Inspiriert von Künstlern wie Michael Jackson, Bob Marley oder Santana, war die Dur-Dur Band rund ein Jahrzehnt lang das Aushängeschild des kulturellen Lebens in Somalia – vor allem in der Hauptstadt. Ihre Songs liefen im Radio rauf und runter. In Nightclubs von Hotels wie dem Juba, dem Jazeera oder dem Al-Cauruuba wurde gejammt. In den frühen 1990er-Jahren löste sich die Band auf. Die politischen Unruhen eskalierten.
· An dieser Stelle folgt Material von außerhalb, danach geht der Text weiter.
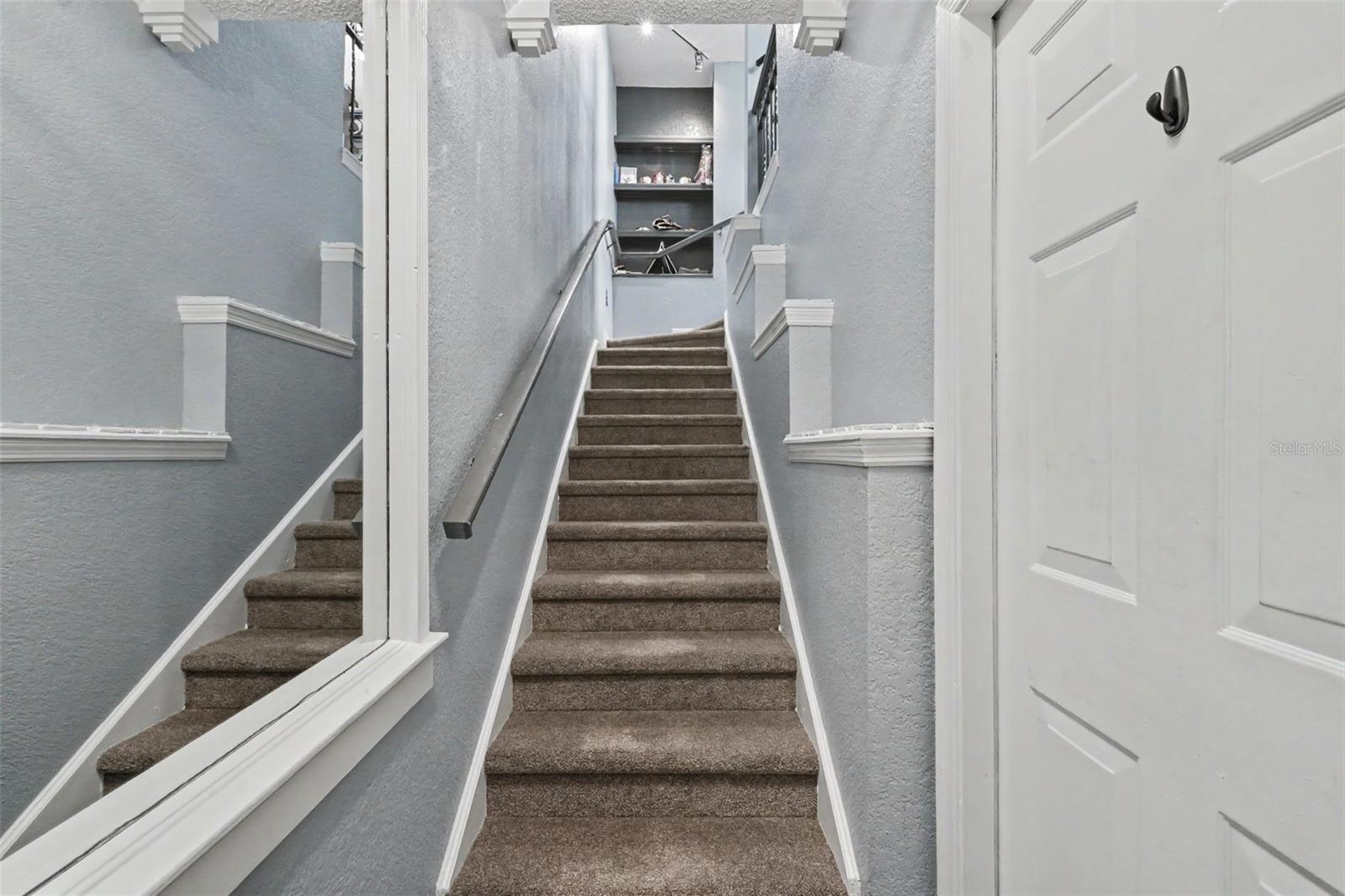 Garage door and stairs to Living Room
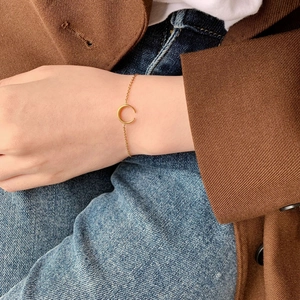 Dettaglio di un bracciale a mezzaluna dorato al polso con un elegante outfit in stile francese
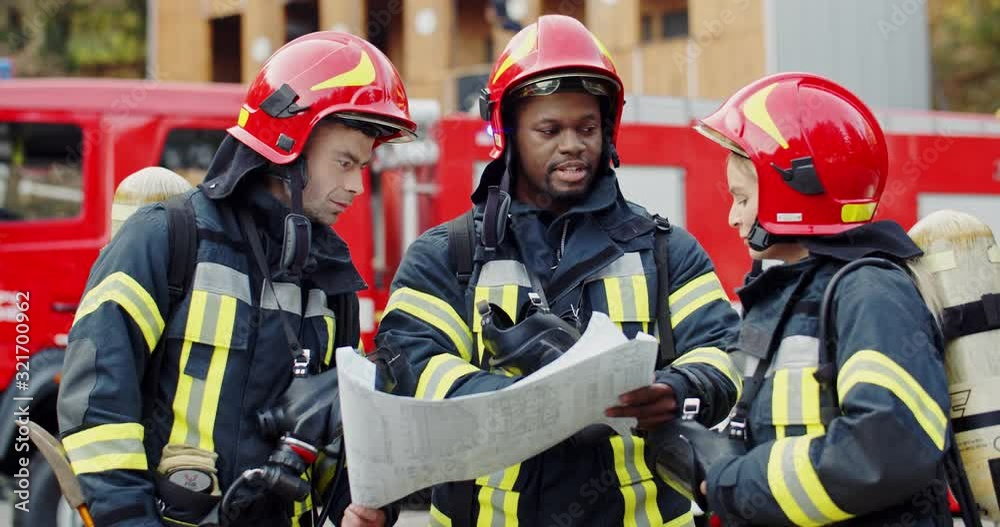 Caucasian pretty woman and wo multiethnic men fire fighters co-workers standing outdoors at the fire truck with a big plan or map in hands and talking while deciding how to fight with fire.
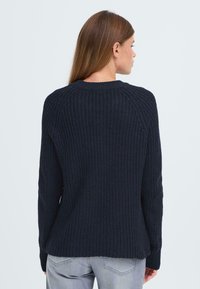 Pull en maille bleu marine avec une finition texturée, col rond et poignets ribbed. Présente une coupe légèrement ample et un dos ouvert.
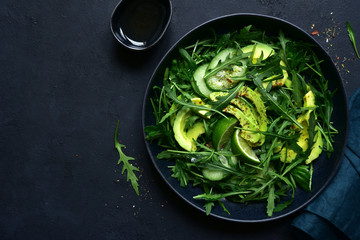 Green vegetable salad with arugula, cucumber and avocado. Top view with copy space.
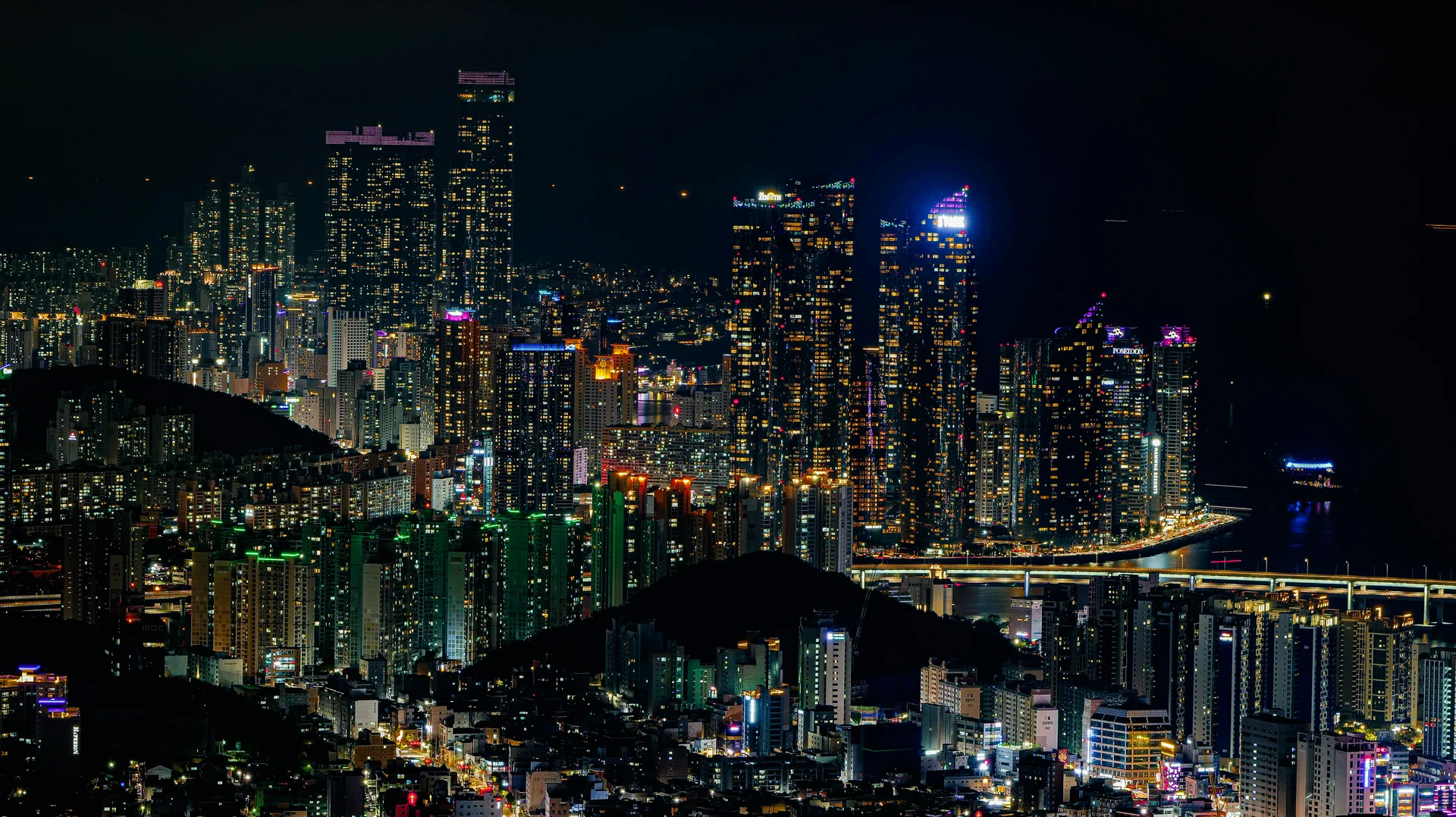  A wide-angle, low-angle landscape shot of the Marine City skyline in Haeundae, Busan, at night. The foreground features a calm, dark sea that perfectly reflects the vibrant, glowing lights of the surrounding architecture.  The skyline is dominated by several luxury high-rise skyscrapers, including the iconic curved glass towers of Haeundae I'Park and the towering Doosan We've the Zenith. The buildings are brilliantly illuminated with thousands of white and blue internal lights, creating a "festival of light" that mimics the aesthetic of major global cities like Hong Kong or Shanghai.  On the right, the Gwangan Bridge (Diamond Bridge) stretches across the water, its double-deck suspension structure glowing with bright LED lights. The sky is a deep, clear indigo, providing a sharp contrast to the shimmering gold and blue reflections dancing on the water's surface. The overall atmosphere is modern, sophisticated, and energetic, capturing Busan's status as a premier global port city.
Viele der knapp 20 Mitglieder flohen, der Geist der Dur-Dur Band lebte jedoch weiter – in Äthiopien, Dschibuti und vor allem in den USA.
Seit 2014 wird die alte Truppe der Dur-Dur Band aber wieder für Konzerte vereint. 2023 erschien das Album „The Berlin Sessions“. Auch wenn die Musikszene in Somalia wenig Spielraum hat, es gibt sie und wir glauben dass es wichtig ist, weiter und größer zu denken, und Flüchtlinge nicht zu reduzieren auf Klischees und Negativmeldungen. Die Musik der Dur-Dur Band kann dabei enorm hilfreich sein.